Stored items
Segment Open

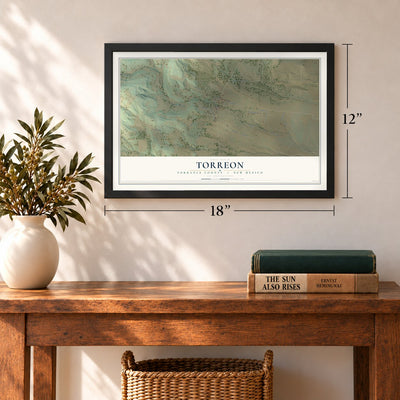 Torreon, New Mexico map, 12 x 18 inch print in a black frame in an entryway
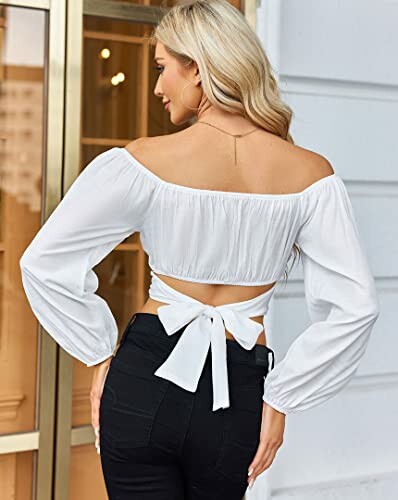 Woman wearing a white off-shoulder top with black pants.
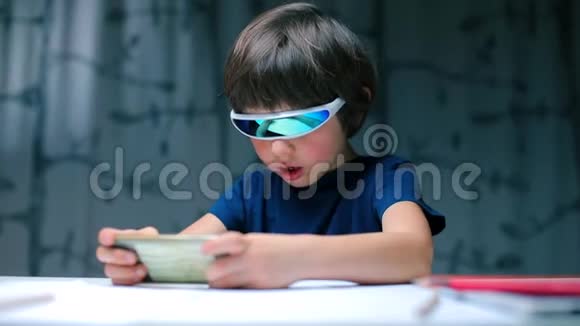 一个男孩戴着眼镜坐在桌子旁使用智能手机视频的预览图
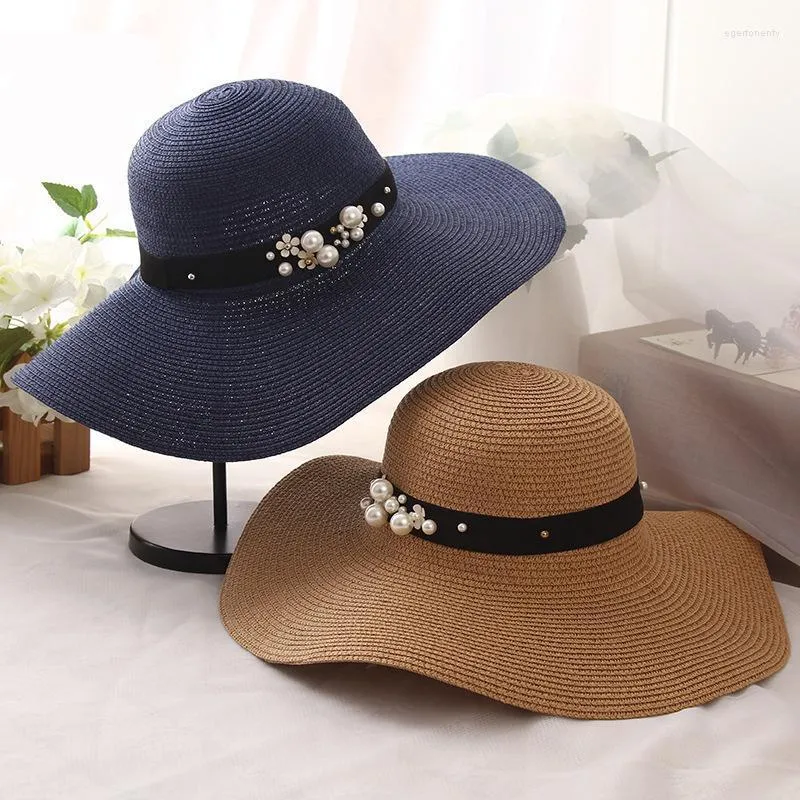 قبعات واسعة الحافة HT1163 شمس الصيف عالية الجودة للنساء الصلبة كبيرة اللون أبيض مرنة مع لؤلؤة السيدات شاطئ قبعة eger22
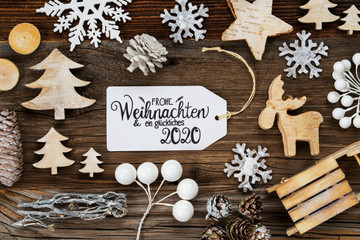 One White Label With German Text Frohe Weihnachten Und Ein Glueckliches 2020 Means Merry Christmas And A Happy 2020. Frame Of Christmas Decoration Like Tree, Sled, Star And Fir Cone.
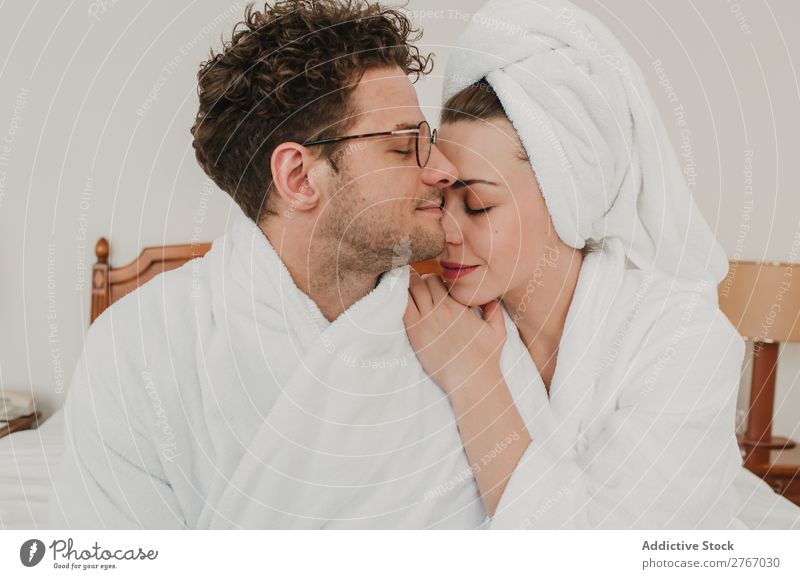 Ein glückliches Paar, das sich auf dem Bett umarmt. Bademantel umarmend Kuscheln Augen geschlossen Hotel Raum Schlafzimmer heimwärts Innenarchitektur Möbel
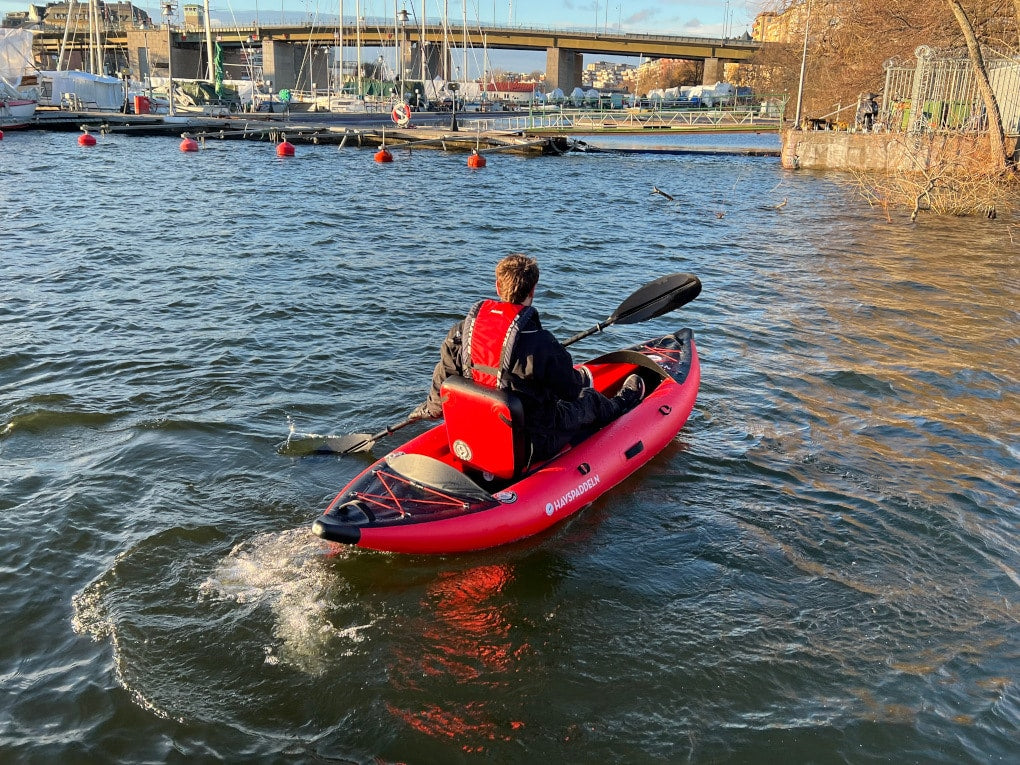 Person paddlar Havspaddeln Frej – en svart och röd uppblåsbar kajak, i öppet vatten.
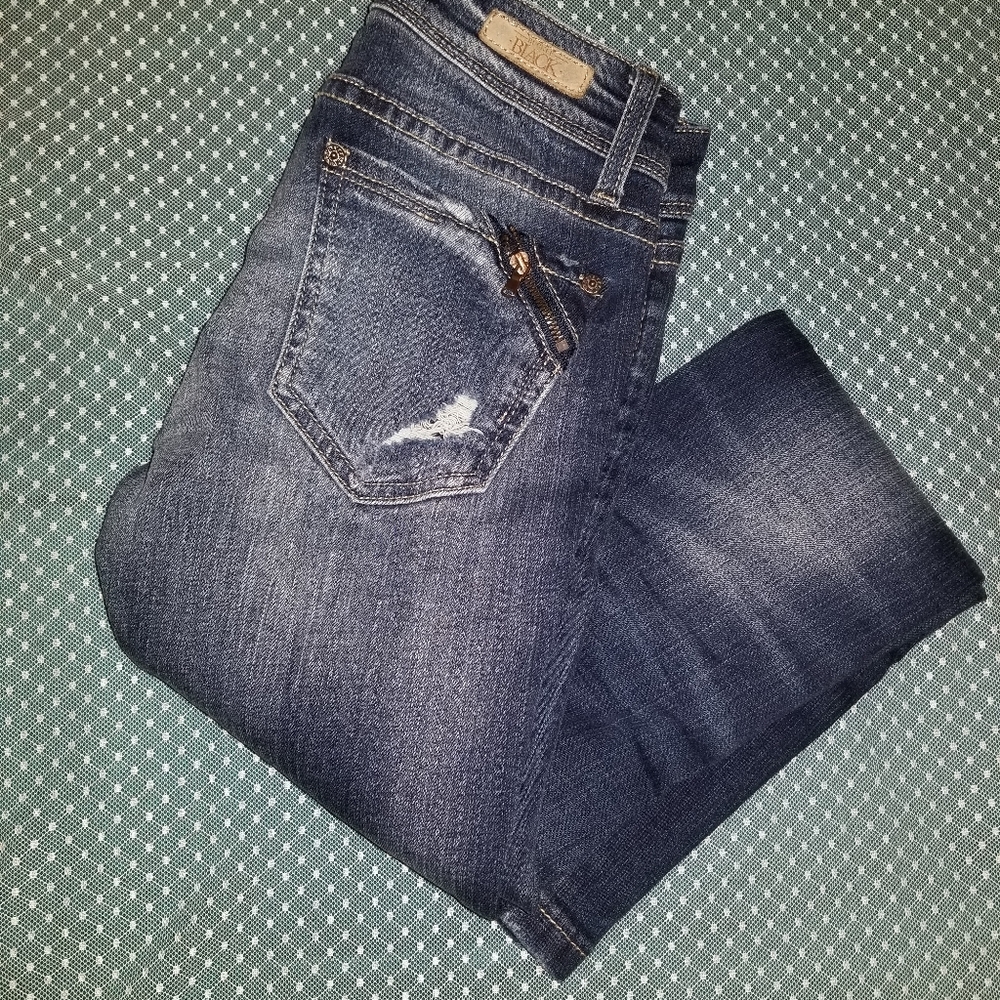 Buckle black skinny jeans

Segment Closed

▶ **WORK REQUEST**
Copy exactly, and copy nothing else: the lines from the start of the data above through the line that holds "قبعات واسعة الحافة". The pictures stay out.

▶ **RESPONSE**
 Torreon, New Mexico map, 12 x 18 inch print in a black frame in an entryway
 Woman wearing a white off-shoulder top with black pants.
 一个男孩戴着眼镜坐在桌子旁使用智能手机视频的预览图
 قبعات واسعة الحافة HT1163 شمس الصيف عالية الجودة للنساء الصلبة كبيرة اللون أبيض مرنة مع لؤلؤة السيدات شاطئ قبعة eger22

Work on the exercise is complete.